──────── MATERIAL PROVIDED

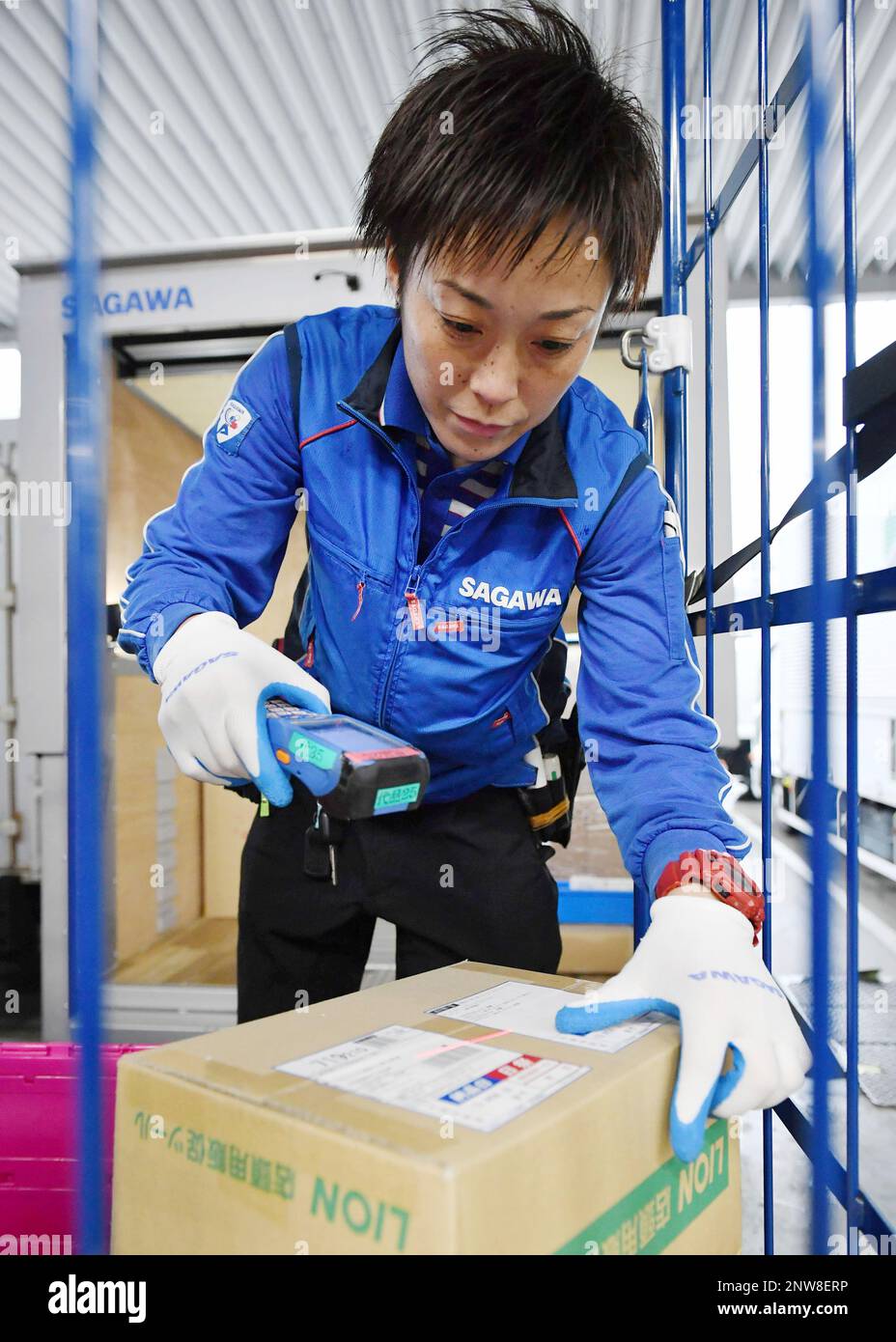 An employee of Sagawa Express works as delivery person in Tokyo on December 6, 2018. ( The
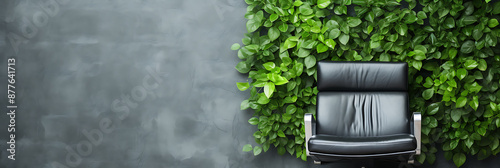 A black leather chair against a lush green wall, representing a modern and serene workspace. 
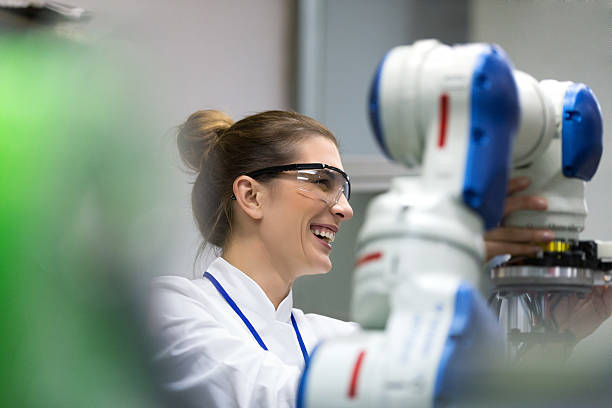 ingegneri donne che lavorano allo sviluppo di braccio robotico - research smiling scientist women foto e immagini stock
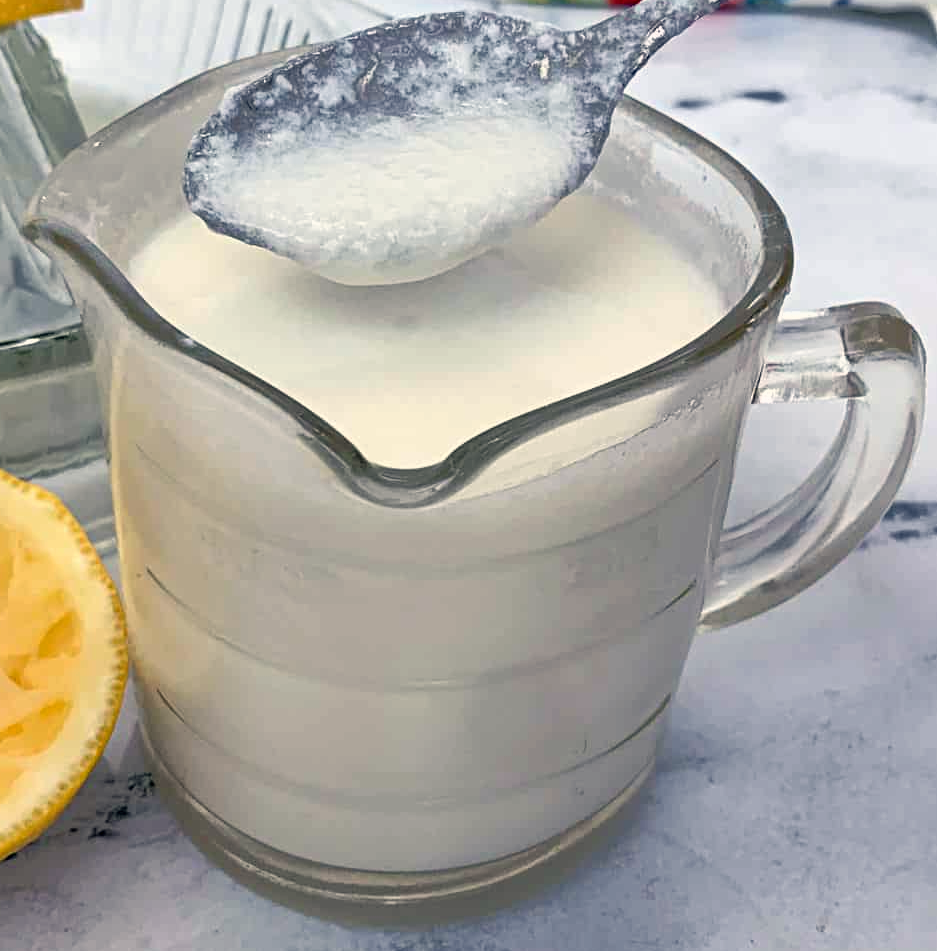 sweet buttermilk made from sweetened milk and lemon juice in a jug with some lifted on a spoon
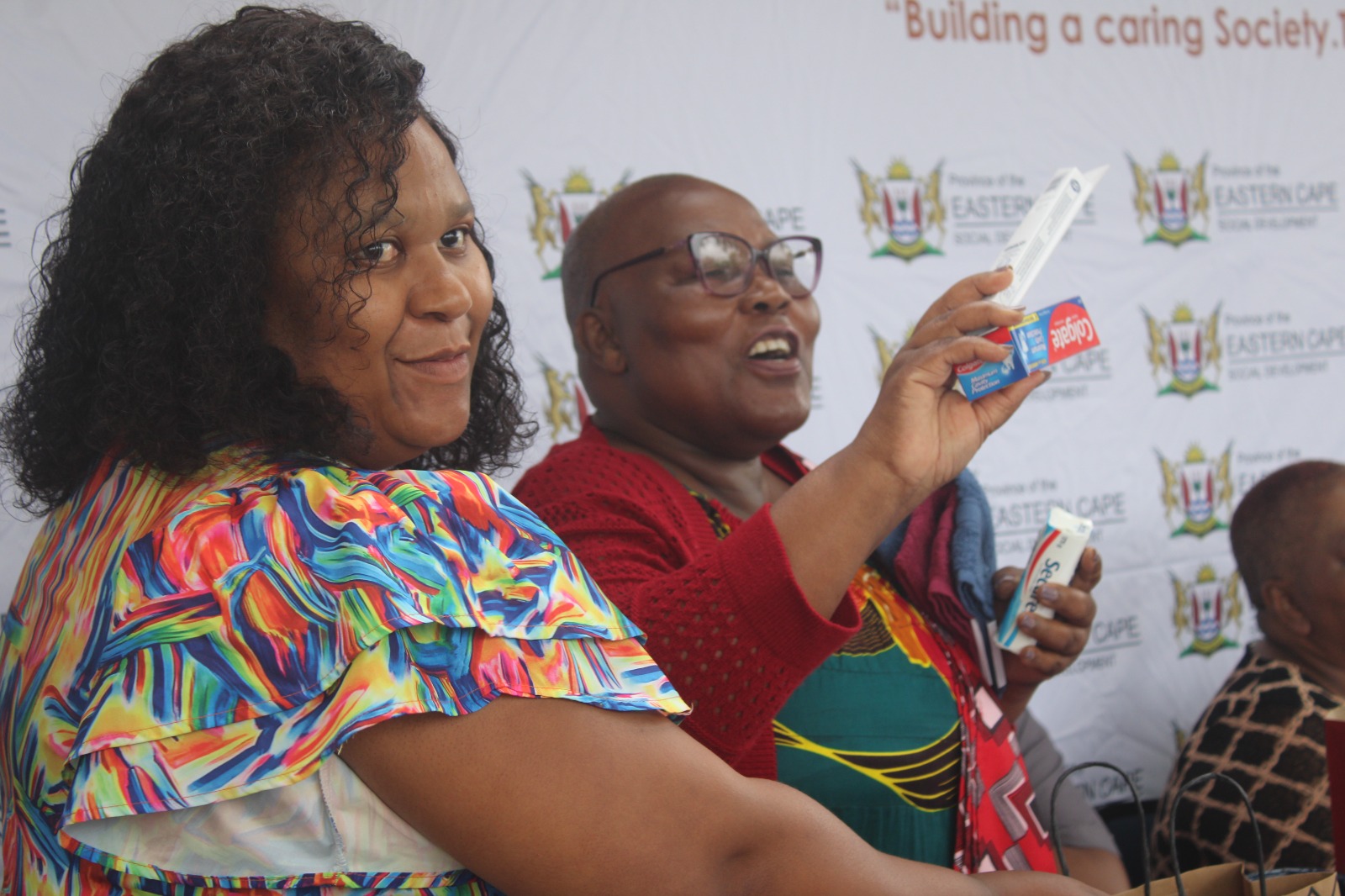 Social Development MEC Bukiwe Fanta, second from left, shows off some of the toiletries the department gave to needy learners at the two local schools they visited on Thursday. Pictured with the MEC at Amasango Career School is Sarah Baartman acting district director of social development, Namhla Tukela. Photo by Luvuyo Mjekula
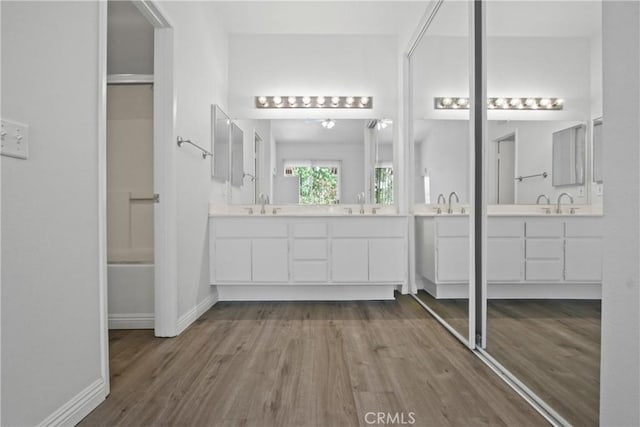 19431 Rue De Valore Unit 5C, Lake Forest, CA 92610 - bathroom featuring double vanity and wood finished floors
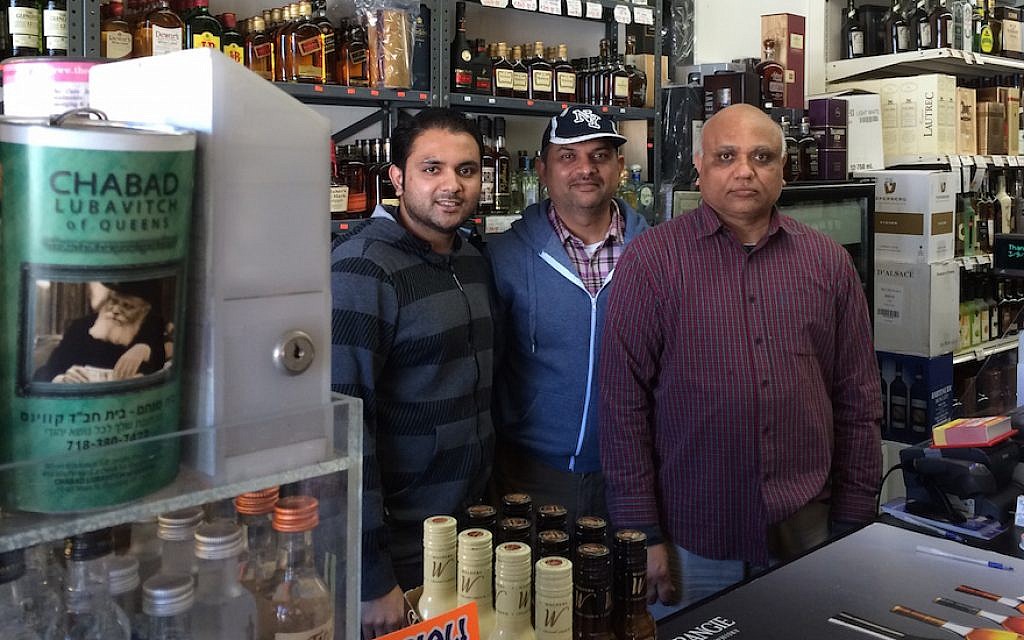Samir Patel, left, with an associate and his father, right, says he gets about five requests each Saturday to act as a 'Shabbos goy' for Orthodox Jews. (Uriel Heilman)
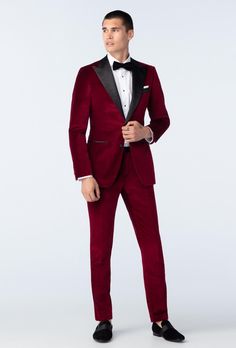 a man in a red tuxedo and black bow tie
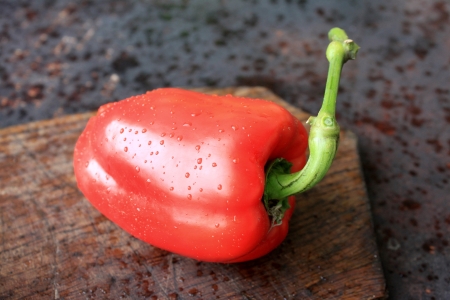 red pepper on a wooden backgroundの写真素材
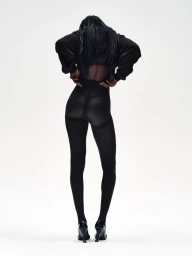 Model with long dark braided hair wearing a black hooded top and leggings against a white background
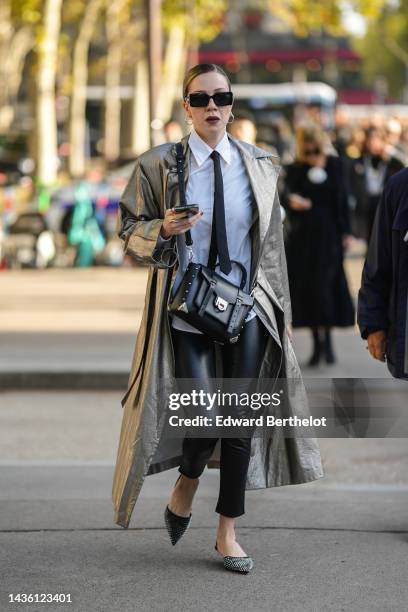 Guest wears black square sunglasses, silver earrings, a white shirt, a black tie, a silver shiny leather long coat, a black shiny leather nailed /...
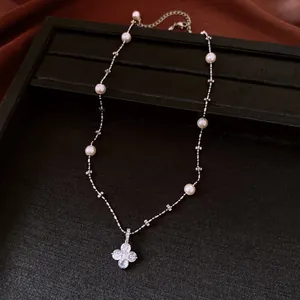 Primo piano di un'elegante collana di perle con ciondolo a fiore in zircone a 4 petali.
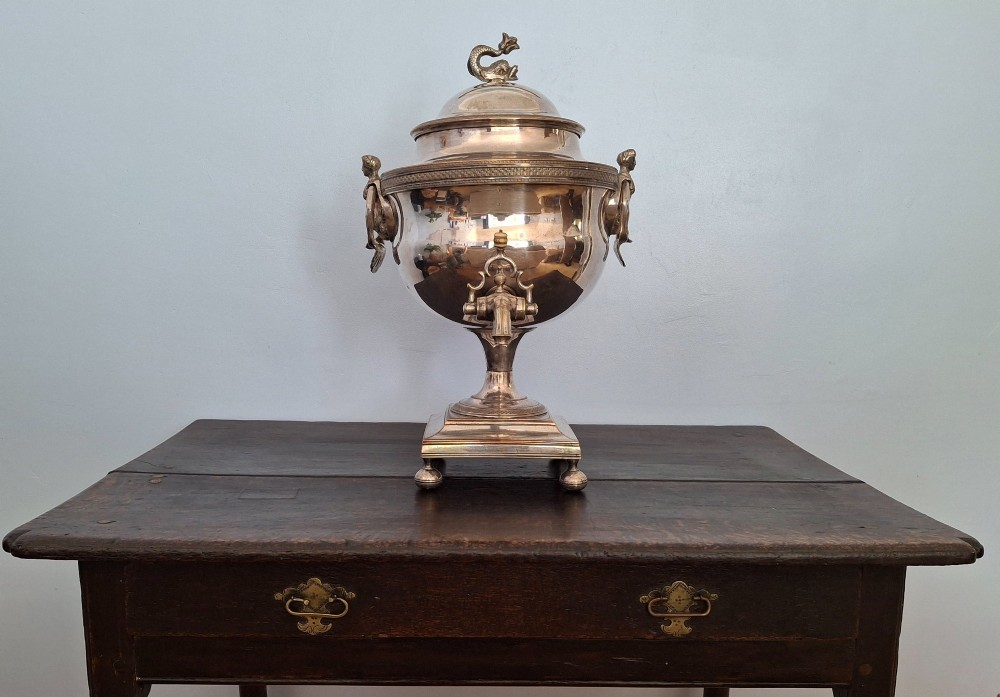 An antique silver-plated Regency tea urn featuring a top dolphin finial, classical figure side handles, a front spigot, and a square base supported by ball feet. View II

────────────────

- **PROBLEM REQUIREMENTS**:
Could you repeat exactly the lines from the one containing "19431 Rue De" through the last line of the records, both included, without the pictures?

- **REPLY TO THE TASK**:
 19431 Rue De Valore Unit 5C, Lake Forest, CA 92610 - bathroom featuring double vanity and wood finished floors
Samir Patel, left, with an associate and his father, right, says he gets about five requests each Saturday to act as a 'Shabbos goy' for Orthodox Jews. (Uriel Heilman)
 a man in a red tuxedo and black bow tie
 red pepper on a wooden backgroundの写真素材
 Model with long dark braided hair wearing a black hooded top and leggings against a white background
 Guest wears black square sunglasses, silver earrings, a white shirt, a black tie, a silver shiny leather long coat, a black shiny leather nailed /...
 Primo piano di un'elegante collana di perle con ciondolo a fiore in zircone a 4 petali.
 An antique silver-plated Regency tea urn featuring a top dolphin finial, classical figure side handles, a front spigot, and a square base supported by ball feet. View II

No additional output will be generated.